I watch the ripples change their size
But never leave the stream
Of warm impermanence
So the days float through my eyes
But still the days seem the same
And these children that you spit on
As they try to change their worlds
Are immune to your consultations
They’re quite aware of what they’re going through
–David Bowie, “Changes”
A couple of years ago, Judith Halberstam spoke at the University of Cincinnati where I was working (I’m also an alumna of UC), and I had my graduate assistants run the staff meeting with the resident advisers so I could go see Halby speak. It was a great talk (I took a lot of notes). Halberstam talked about March of the Penguins vs. Happy Feet, and the ridiculousness of anthropomorphizing the penguins as being in love, and also about the Chucky horror series. A couple of weeks later, I bought my partner Halby’s book, In A Queer Time and Place: Transgender Bodies, Subcultural Lives (2005, NYU Press), but I hadn’t read it until now.

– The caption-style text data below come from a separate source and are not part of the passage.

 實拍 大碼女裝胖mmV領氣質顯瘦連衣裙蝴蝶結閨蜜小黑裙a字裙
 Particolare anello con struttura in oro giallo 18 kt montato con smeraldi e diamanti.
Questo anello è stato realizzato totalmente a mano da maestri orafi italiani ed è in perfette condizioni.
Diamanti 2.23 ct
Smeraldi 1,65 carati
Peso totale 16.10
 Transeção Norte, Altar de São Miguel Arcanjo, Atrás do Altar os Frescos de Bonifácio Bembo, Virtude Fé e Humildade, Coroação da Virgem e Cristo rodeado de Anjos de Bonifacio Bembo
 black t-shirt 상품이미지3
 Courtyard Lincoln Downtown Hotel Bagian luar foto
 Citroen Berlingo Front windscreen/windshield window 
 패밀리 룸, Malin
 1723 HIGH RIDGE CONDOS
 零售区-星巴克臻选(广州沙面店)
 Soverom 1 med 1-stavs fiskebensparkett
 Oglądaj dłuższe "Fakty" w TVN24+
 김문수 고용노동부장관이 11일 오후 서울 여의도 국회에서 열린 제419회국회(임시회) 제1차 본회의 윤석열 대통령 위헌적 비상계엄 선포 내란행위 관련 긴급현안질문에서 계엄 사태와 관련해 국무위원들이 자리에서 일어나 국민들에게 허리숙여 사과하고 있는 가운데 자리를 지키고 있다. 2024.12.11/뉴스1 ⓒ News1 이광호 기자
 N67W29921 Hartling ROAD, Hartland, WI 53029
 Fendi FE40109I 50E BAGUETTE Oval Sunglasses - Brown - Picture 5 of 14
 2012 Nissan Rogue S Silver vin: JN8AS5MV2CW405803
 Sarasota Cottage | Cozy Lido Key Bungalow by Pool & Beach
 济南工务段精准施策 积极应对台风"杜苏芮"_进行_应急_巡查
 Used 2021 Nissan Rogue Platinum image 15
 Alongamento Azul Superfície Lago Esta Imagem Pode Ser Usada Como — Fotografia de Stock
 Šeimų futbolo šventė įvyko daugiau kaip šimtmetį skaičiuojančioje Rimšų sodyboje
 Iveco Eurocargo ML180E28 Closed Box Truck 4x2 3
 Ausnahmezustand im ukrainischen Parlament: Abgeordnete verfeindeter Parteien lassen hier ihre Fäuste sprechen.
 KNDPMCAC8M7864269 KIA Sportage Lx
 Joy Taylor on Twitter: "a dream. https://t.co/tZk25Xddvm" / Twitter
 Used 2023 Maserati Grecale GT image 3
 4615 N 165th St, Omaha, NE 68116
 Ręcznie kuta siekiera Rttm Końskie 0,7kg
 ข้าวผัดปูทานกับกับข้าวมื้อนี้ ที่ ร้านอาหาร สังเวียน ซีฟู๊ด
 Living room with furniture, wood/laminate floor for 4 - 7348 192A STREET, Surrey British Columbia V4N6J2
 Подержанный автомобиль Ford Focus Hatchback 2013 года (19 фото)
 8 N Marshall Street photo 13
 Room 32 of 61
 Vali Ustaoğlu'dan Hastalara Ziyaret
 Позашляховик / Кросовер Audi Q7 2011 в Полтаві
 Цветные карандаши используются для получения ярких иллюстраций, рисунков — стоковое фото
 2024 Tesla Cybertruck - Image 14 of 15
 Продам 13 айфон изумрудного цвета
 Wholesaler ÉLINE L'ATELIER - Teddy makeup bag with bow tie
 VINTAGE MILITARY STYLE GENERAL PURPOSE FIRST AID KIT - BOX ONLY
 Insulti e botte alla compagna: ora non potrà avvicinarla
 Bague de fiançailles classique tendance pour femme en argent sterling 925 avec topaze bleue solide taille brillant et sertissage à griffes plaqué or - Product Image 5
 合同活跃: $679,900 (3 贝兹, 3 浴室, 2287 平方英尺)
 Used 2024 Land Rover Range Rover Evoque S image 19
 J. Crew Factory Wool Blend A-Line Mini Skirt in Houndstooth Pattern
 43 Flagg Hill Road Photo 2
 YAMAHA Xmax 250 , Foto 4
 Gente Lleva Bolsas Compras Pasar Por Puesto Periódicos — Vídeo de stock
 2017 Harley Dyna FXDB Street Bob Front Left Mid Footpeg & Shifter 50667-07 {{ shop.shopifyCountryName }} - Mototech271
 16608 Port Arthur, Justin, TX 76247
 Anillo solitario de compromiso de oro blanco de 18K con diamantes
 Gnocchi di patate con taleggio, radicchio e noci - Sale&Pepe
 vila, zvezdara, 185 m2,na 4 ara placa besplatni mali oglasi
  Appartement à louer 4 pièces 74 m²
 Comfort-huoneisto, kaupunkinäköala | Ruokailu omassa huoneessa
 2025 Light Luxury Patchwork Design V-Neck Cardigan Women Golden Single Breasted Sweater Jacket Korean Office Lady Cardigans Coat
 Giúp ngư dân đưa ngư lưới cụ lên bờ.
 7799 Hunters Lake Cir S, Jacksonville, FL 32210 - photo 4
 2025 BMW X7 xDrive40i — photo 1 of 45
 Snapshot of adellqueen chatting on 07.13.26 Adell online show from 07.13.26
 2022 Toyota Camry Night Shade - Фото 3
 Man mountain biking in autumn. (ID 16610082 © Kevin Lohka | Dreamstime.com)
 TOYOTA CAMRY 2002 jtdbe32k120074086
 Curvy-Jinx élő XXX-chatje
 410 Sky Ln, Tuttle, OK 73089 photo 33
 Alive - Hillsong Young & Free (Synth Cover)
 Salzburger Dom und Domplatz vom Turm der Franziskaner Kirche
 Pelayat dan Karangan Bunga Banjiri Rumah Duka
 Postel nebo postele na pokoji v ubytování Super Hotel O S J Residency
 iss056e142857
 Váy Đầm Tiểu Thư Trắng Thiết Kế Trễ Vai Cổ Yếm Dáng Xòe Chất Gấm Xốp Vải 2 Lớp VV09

I picked it up last week and have gone through it quickly because it’s a really great mix between academic language & pop cultural analysis.
The place in the book where I was reading this morning on the bus really spoke to me:
Fourth, queer subcultures afford us a perfect opportunity to depart from a normative model of youth cultures as stages on the way to adulthood; this allows us to map out different forms of adulthood, or the refusal of adulthood and new modes of deliberate deviance…
For queers, the separation between youth and adulthood quite simply does not hold, and queer adolescence can extend far beyond one’s twenties. (174)
It was perfect that Changes by David Bowie came on at the exact moment I was reading this.
And these children that you spit on
As they try to change their worlds
Are immune to your consultations
They’re quite aware of what they’re going through
I grew up in Ohio– I lived there for 30 years before moving to Minnesota w/ my partner. I spent the last three years in Ohio working as a hall director– free rent, free food, decent pay, shitty hours. But it’s an extended adolescence because you’re immersed in college culture. When we decided it was time to bust out of the hornet’s nest of Cincinnati, we chose the Twin Cities because my partner grew up here. Part of a big move is finding a job and housing in the new place, and we both struggled a lot with the employment piece particularly when we moved here. I have a M.Ed. (higher ed admin), and my partner used to teach composition at a community college. We were both woefully underemployed for the first year or so of living here–and as a result, we had a very limited amount of money to spend on rent–so we live in a very small one bedroom apartment. I feel over-educated for my job (but in this economy, I’m happy to have a full-time job, so I’m not complaining). Lately, I’ve been feeling like I’m not grown up enough. A lot of our friends/family (all over the country–not just here) have bought houses, had kids, etc…but I’m not really interested in doing those things. The “adulthood” benchmark I have set for myself is starting a doctoral program, but I’m not seriously considering that right now for any number of reasons.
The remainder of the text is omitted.